The region’s economies are at a crossroads.

Spanning Pakistan to Morocco, it represents 8.5 per cent of the world’s population. But we only generate 3.4 per cent of global GDP, with just two of our companies making it into the Fortune 500. Estimated growth in 2019 amounted to just 1 per cent, and the outlook across the region remains one of low- to no-growth.

We need to act – and fast – to turn around our fortunes, redressing pressing issues such as unemployment, economic inequality and social cohesion in the process. This was the starting point of a panel discussion I joined at the recent World Economic Forum meeting in Davos, which convened political and industry leaders from across the region.

Like the UAE has done over many years, countries like Egypt – now the fastest-growing economy in the region – are reaping the benefits of re-engineering their economic structures. Others, like Saudi Arabia, are following a similar model, introducing extensive reforms and public-private initiatives.

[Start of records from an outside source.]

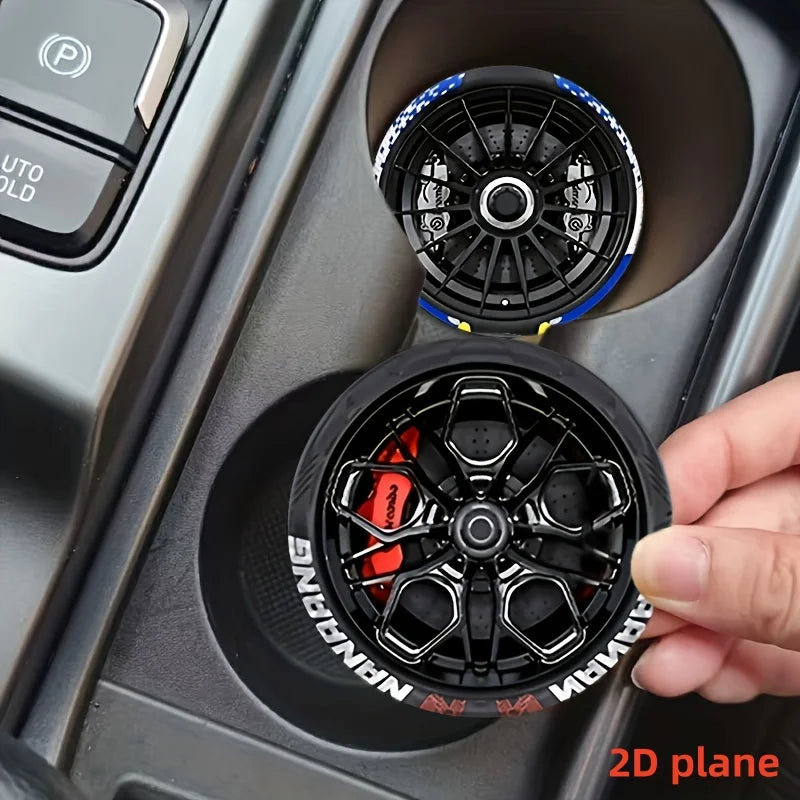 Close-up of two black silicone coasters with racing wheel hub designs inside a car console.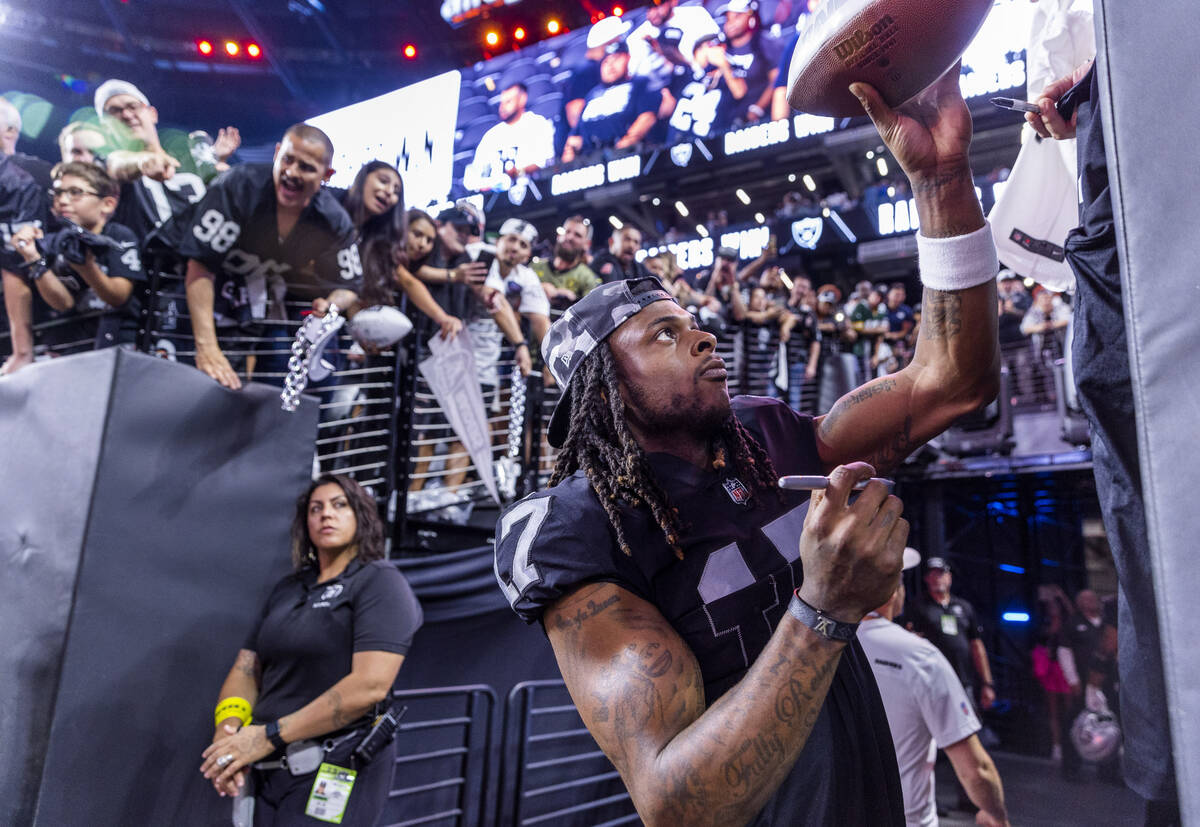 Raiders wide receiver Davante Adams (17) hands back an autographed ball to a fan after defeatin ...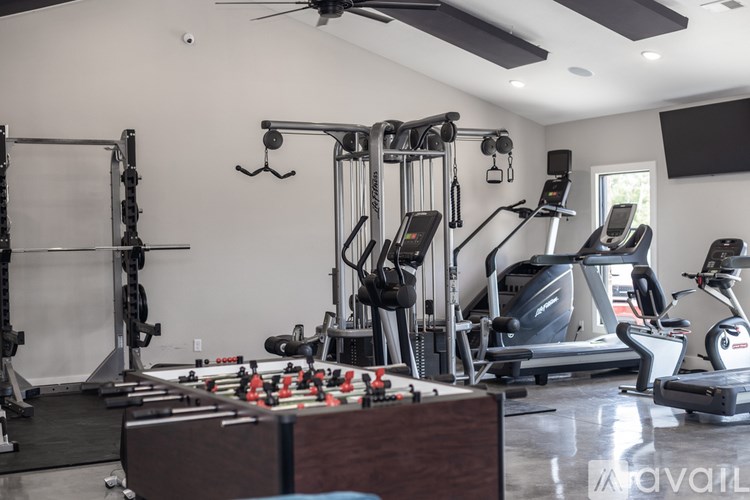 A gym with a variety of equipment including treadmills, weights, and a foosball table.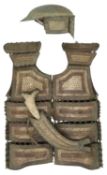 AN UNUSUAL SOUTHEAST ASIAN DECORATED COPPER ALLOY HALF ARMOUR
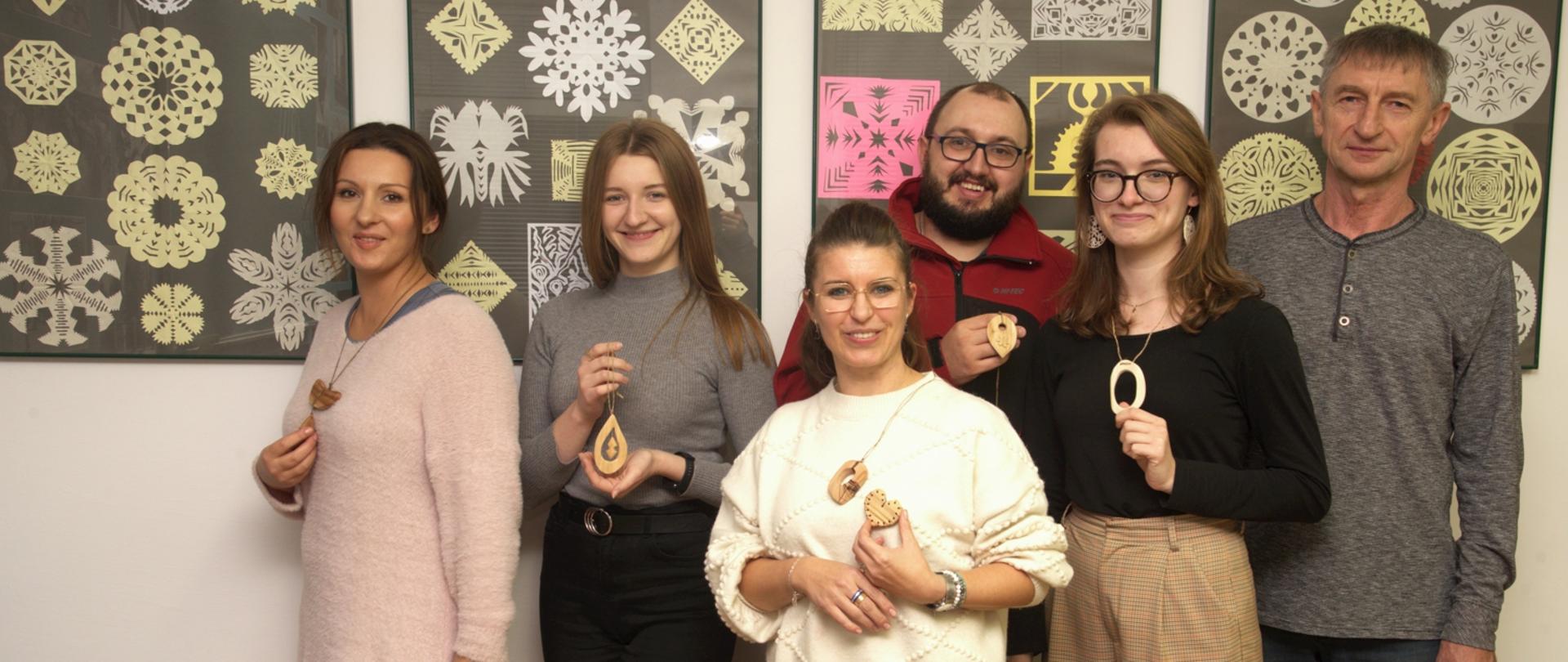 Na zdjęciu słuchacze oraz pan prowadzący warsztaty, stoją na tle wycinanek. Trzymają w rękach prace drewniane wykonane podczas warsztatów rękodzielniczych.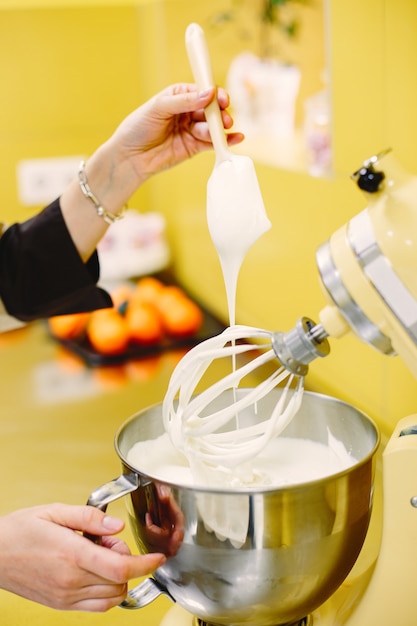 Woman preparing pastries. Confectioner in a coat.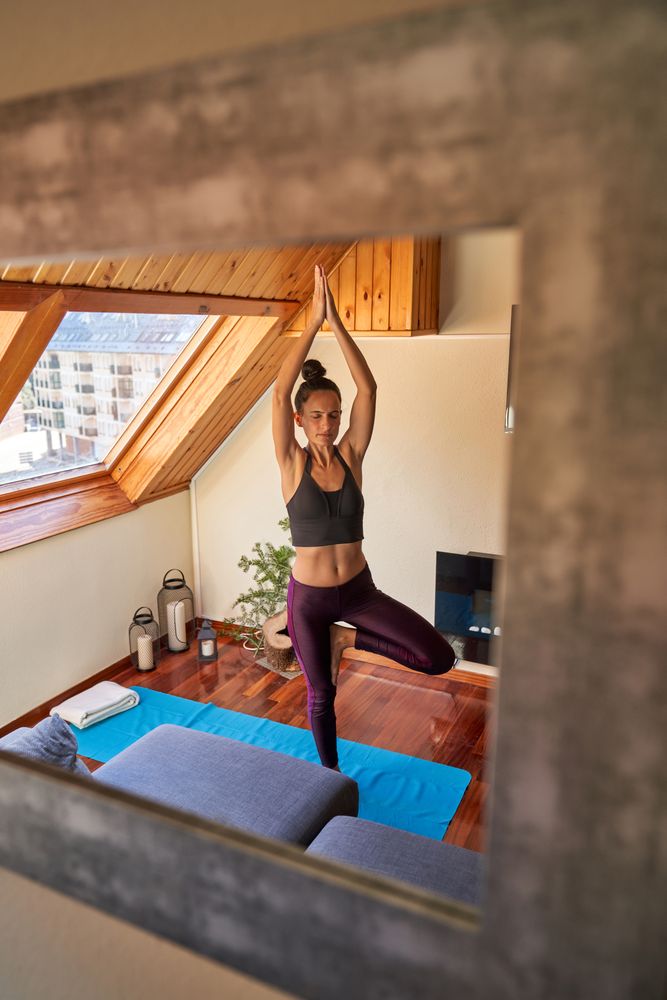 Slim young woman standing in Tree yoga pose on mat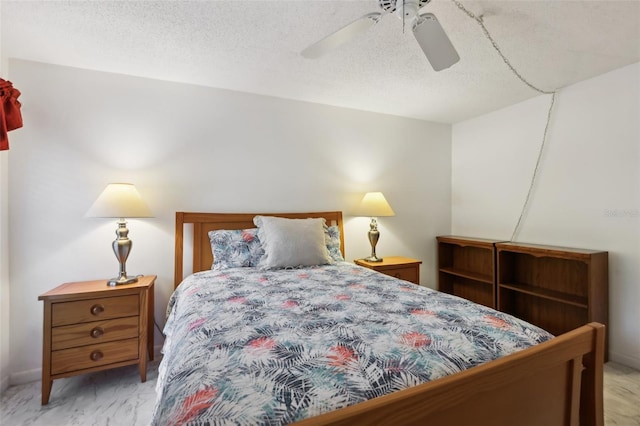 bedroom featuring ceiling fan and a textured ceiling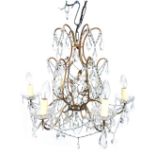 A wrought and cast metal chandelier, with cut and moulded glass centre, branches suspended by shaped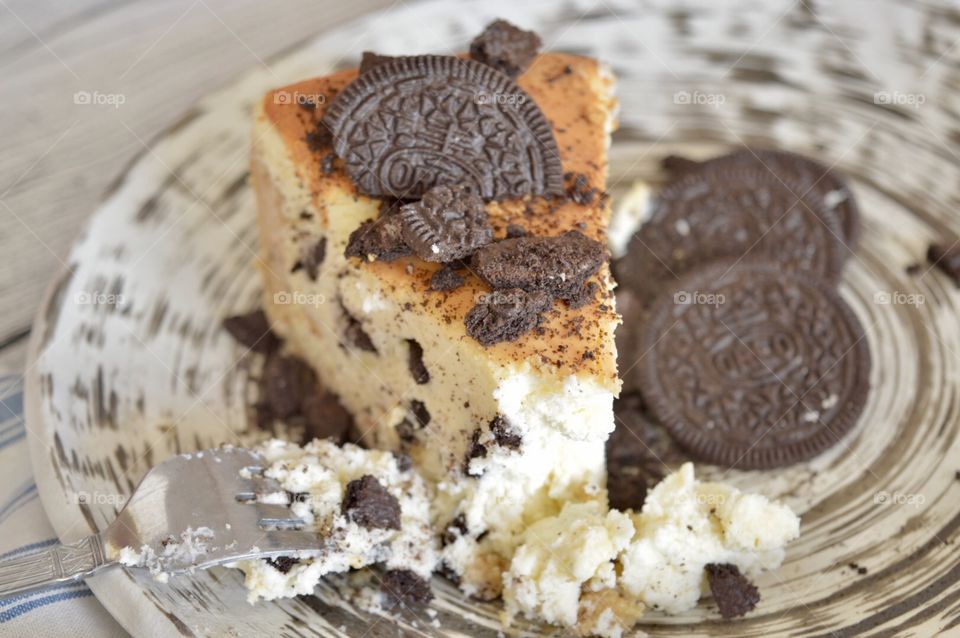 Oreo cookie cheesecake with Oreo cookies and a fork on a high contrasting plate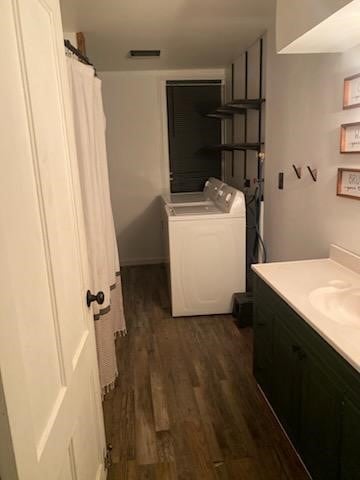 full bath with visible vents, washer / clothes dryer, wood finished floors, and vanity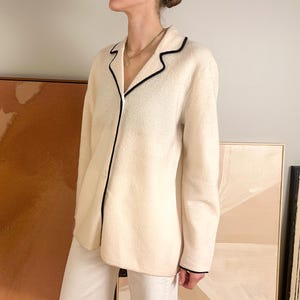 May include: Cream-colored pajama top with black trim. The long-sleeved top has a button-down front and a classic collar. The black trim outlines the collar, cuffs, and front closure. The top is paired with white pants.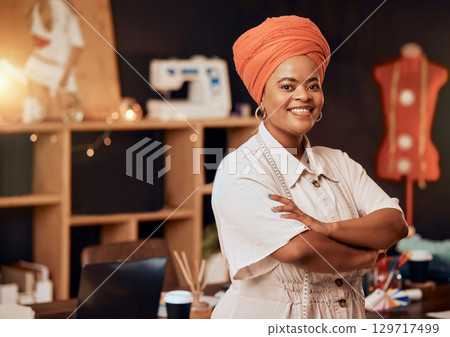 Fashion, designer and african or black woman in portrait for small business startup, creative career or textile industry in a workshop studio. Fabric, manufacturing and retail clothes of proud woman Fashion, designer and african or black woman in portrait for small business startup, creative career or textile industry in a workshop studio. Fabric, manufacturing and retail clothes of proud woman 129717499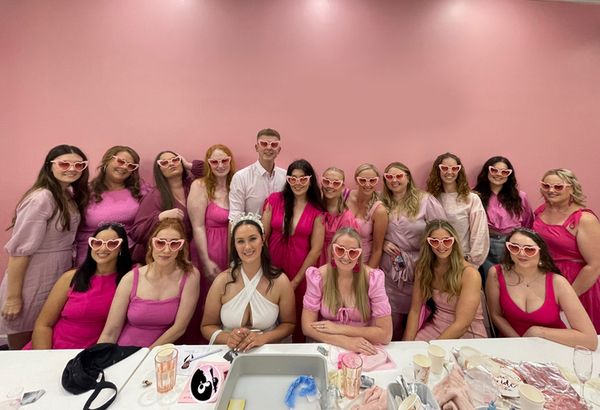 A large hens group in pink and heart sunglasses posing at a workshop table
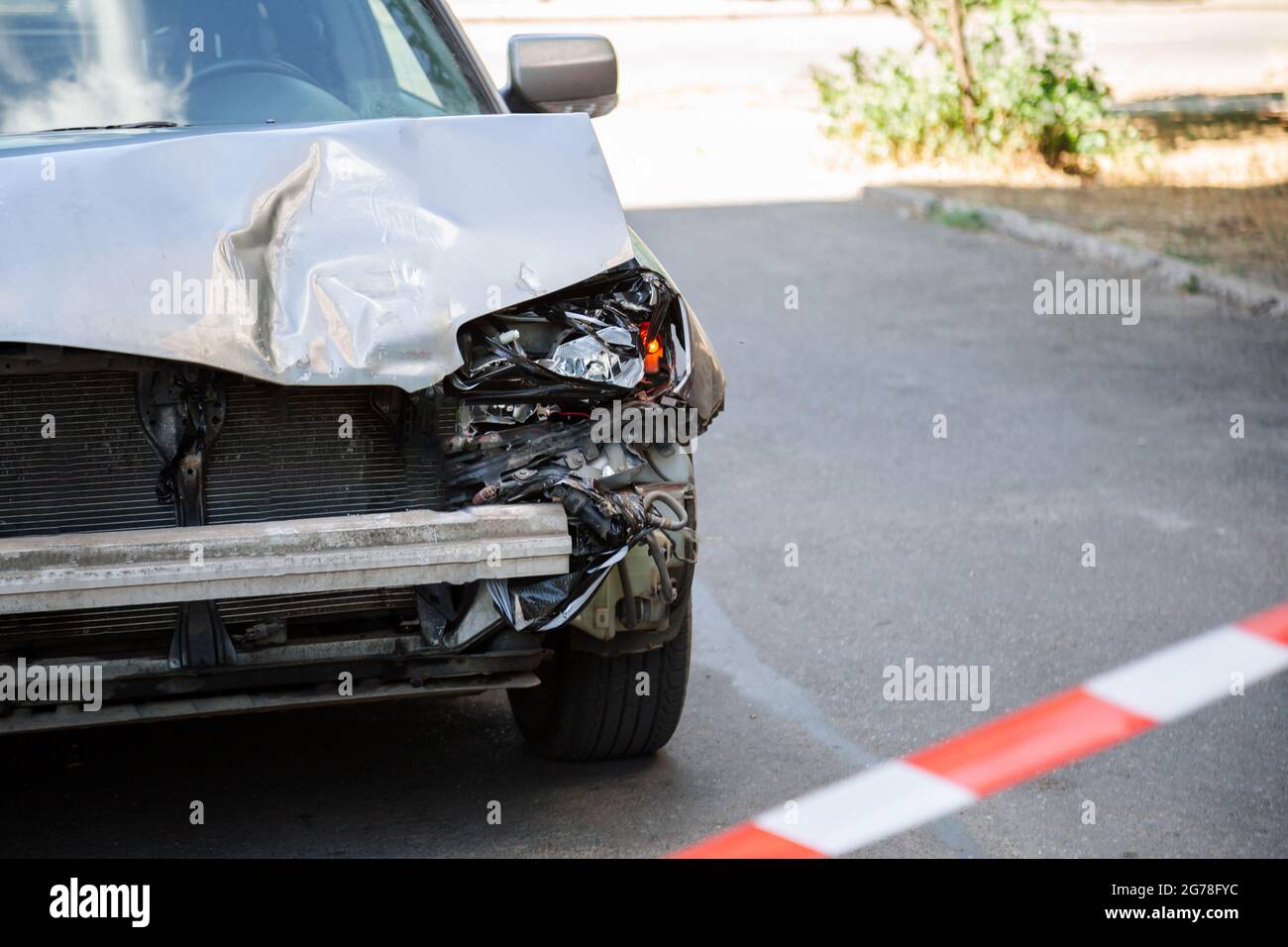 Incidente auto recintato con nastro di avvertimento rosso. Il cofano dell'auto su strada è rotto. Paraurti rotto e Fari auto con luce su asfalto stradale con copia Foto Stock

But getting the whole of MENAP back on track will require a concerted effort to foster a more collaborative and structured approach amongst all markets. Here are three key takeaways from the Davos panel on how the public and private sector can work together to achieve greater economic integration.

1. Intra-regional trade and investment

We’re not as globally powerful as we could be... because we don’t have scale. Market fragmentation is the biggest inhibitor of our growth.

Most global growth now happens in blocs – take ASEAN, the EU or NAFTA. But trade between MENAP nations is only around 16 per cent of total trade, according to a recent report Majid Al Futtaim produced with McKinsey & Company. If you take oil out, it’s less than a third of that. This is in stark comparison to 52 per cent in Asia-Pacific and 63 per cent in Europe.

As my co-panellist Dr Rania Al-Mashat, Egypt’s Minister of International Cooperation, pointed out, our region is very heterogeneous. But, I strongly believe that we also have a lot in common, not least our culture and geographic proximity.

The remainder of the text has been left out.